Two years ago, we made a bet: SQLite, the most successful database in history, could be even better. Not just marginally better – fundamentally better. We believed that the missing piece wasn't technical, but human: SQLite needed an open contribution model that would give developers everywhere a seat at the table.

This vision led us to fork SQLite, creating libSQL. After carefully weighing our options – including a complete rewrite – we chose to fork because it seemed like the fastest path to impact. We then built Turso, our cloud service, to fund that development.

By any conventional measure, libSQL has been a remarkable success. After an initial burst of excitement that brought us 2,000 GitHub stars in a week, we've grown steadily to over 13,000 stars and more than 80 contributors. The project gave us the technical foundation to build the Turso platform that developers love.

#But something was missing.

Independent usage of libSQL as a SQLite replacement remained low. Most users came for SQLite-over-the-wire, not core database improvements. While we saw plenty of contributions to the remote execution code, deep contributions to the core database were rare. In hindsight, while we succeeded in building a great open source project around SQLite, we hadn't achieved our original goal: evolving the core of the database through community contribution.

Were we disappointed? Not at all. We'd built a product that developers genuinely loved, backed by a warm and high-quality community. As they say, shoot for the stars, you might hit the moon – and we were content with our lunar landing.

#Then something unexpected happened.

My cofounder Pekka started a quiet experiment: What if we had taken the road not traveled? What if, instead of forking SQLite, we rewrote it from scratch in Rust with a modern, async architecture? He worked on this almost silently, with only occasional mentions on his personal X account.

For those just learning about this, we detailed the technical foundations in our announcement blog, but here's what makes this rewrite special:

  • Reliability at its core: SQLite's sterling reputation for reliability isn't negotiable. Our rewrite employs Deterministic Simulation Testing at the core level and ships with a simulator, ensuring we catch even the most obscure edge cases.
  • Next-level testing: Through our partnership with Antithesis, we're using their Deterministic hypervisor to catch bugs that even our simulator might miss – including bugs in the simulator itself.
  • Modern architecture: The rewrite is async-first, offering an asynchronous interface ready for modern systems like Linux's io_uring.
  • True compatibility: We maintain full compatibility with SQLite at both file and language levels, with tests that compare bytecode generation between SQLite and our implementation for random inputs.

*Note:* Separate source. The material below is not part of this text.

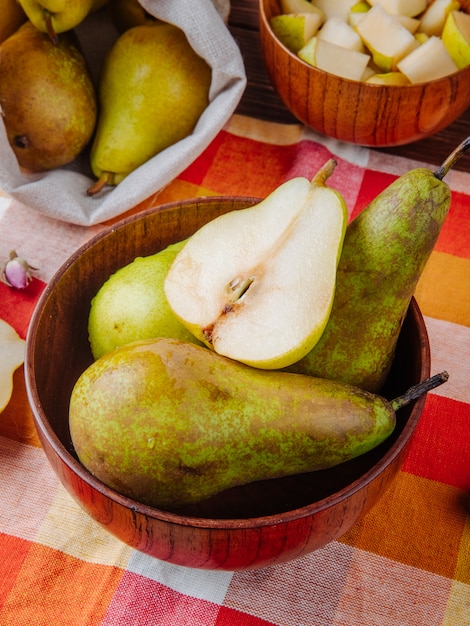 Foto gratuita vista laterale delle pere mature fresche e una metà in una ciotola di legno sul fondo del plaid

Even without fanfare, this experiment attracted interest. The project organically grew to 1,000 GitHub stars and 30 contributors. More importantly, we started seeing the kind of deep, foundational contributions we'd dreamed of – work so impressive that we hired two contributors to work on our server infrastructure.

Seeing this momentum, we decided to make it official. We moved the project to our organization and wrote a blog post about it. No polish, no marketing push – we didn't even change its temporary codename, "Limbo." We just wanted to give it a more official home.

#Then something extraordinary happened:

We spent a lot of time trying to understand why this resonated so powerfully. After talking with excited contributors, the answer became clear: libSQL proved our core thesis – SQLite could indeed be more, and an open community is key to making that happen.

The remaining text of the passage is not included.